Já se
passaram anos desde que fechei minha partnership. Obviamente mais anos ainda
desde que a abri. Meus primeiros investidores foram amigos e familiares mais
próximos. No caso, meus dois melhores amigos da infância, meu pai e o meu
mentor (a pessoa do post anterior). Quatro investidores, quatro sócios e, acima de qualquer coisa, quatro amigos. Dos quatro, só o meu mentor sabia no que eu
estava me metendo.
Meus
primeiros anos foram ótimos. E com a boa performance vieram os novos
investidores. Tudo ia bem. Até o 9/11. 2001 foi um ano de definição na minha
vida. Minha partnership apanhou demais por causa da minha exposição
em seguradoras. E essa era a menor das minhas preocupações.
Um dia eu
disse sobre como eventos improváveis parecem prováveis em meio ao caos. Eu sei,
porque eu senti. Depois que sequestram um avião e jogam ele em um prédio como
era o WTC, tudo parece muito possível. Então pra ser honesto, eu não fazia a
menor idéia sobre se um outro avião ia cair na minha cabeça ou não. Ou uma
bomba, quem sabe?!
No dia 24
de setembro de 2001 às 10pm, eu ainda estava no escritório quando alguém bateu
na porta. Era o meu mentor.
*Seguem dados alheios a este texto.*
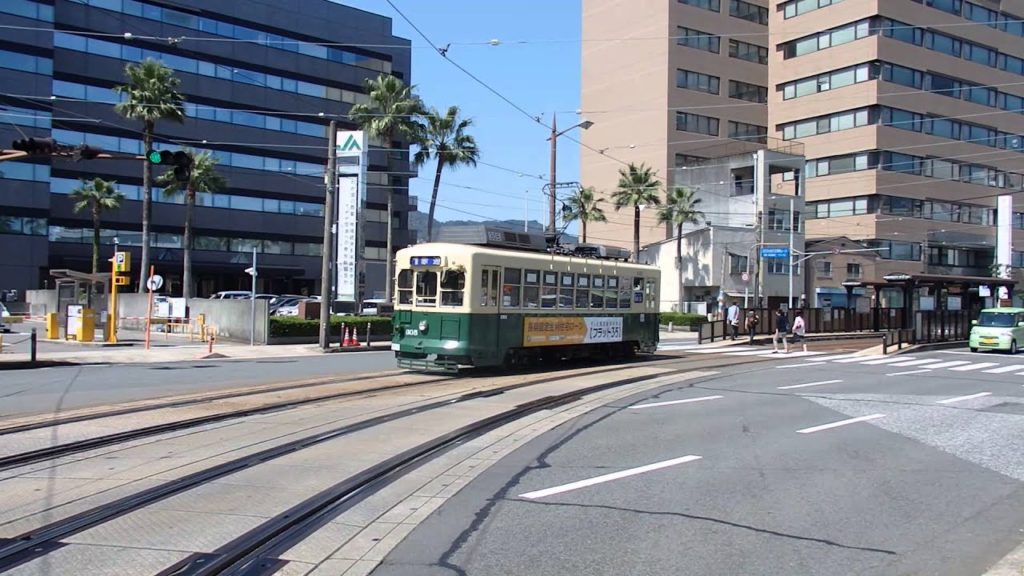 長崎電気軌道300形 出島電停到着 Nagasaki 300 series tramcar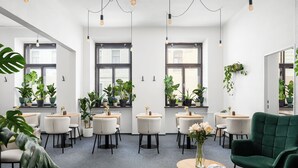Café da manhã com buffet grátis todos os dias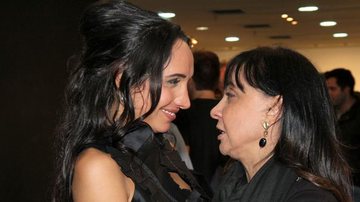 Cininha de Paula prestigia a filha Maria Maya no teatro - Roberto Filho/AgNews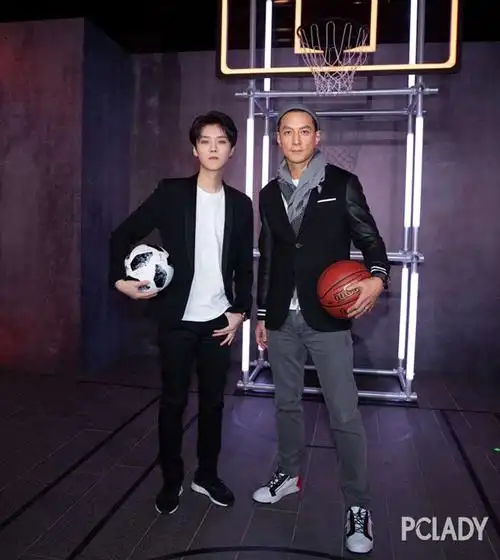 那一夜,吴彦祖和鹿晗,他们让我二选一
Ainda de terno, tinha acabado de andar umas dezenas
de quadras pra chegar do seu escritório ao meu. Foi a primeira vez que a gente
se viu pessoalmente desde a tragédia.
Meu
escritório era particularmente pequeno. Eu não tinha recursos pra ficar em
algum lugar melhor e nem achava que devia. E exceto por um funcionário que
cuidava do operacional, ninguém mais trabalhava ali além de mim. Era o que
chamamos de one-man shop.
Meu mentor se
acomodou e depois de um breve small talk, abriu sua carteira, pegou uma
fotografia e colocou em cima da minha mesa. Era a foto de um bebê enrolado em
um cueiro rosa. Era uma dessas fotos de recém nascido onde só o que dá pra ver
é um pouco do rostinho amassado.
- Wtf?!
Virou pai de novo? Nessa idade??
- Não seja
idiota, essa é a Amy!
- Amy?
- É a minha
neta! Nasceu semana passada. Não é linda?!
A esposa
dele fez o que qualquer avó faria e foi passar uns tempos ajudando a filha lá
em Boston. Então ele vivia a glamourosa vida de ter uma grande casa vazia,
ficar nela só pra tomar banho e tirar um cochilo, passar o dia no escritório
pedindo pizza e sem ter como ir ver a neta.
- E por que
você acha que eu vim aqui? Preciso conversar com alguém pior ainda.
E
gargalhamos juntos.
- Escuta
Don, eu vou fazer uma aplicação nova na partnership.
- Que
merda, cara! Você sabe porque você ainda me pegou no escritório a essa hora?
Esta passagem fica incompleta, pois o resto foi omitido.